START Supplied records

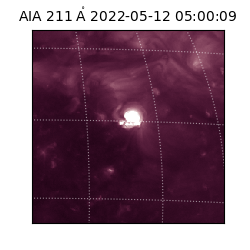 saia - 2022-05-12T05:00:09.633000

END Supplied records
START Supplied records

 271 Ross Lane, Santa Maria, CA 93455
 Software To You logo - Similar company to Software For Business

END Supplied records

Above are records; repeat only the lines starting at the line with "271 Ross Lane, Santa Maria, CA 93455" and ending at the line with "Software To You", exactly as they appear, both included.

 271 Ross Lane, Santa Maria, CA 93455
 Software To You logo - Similar company to Software For Business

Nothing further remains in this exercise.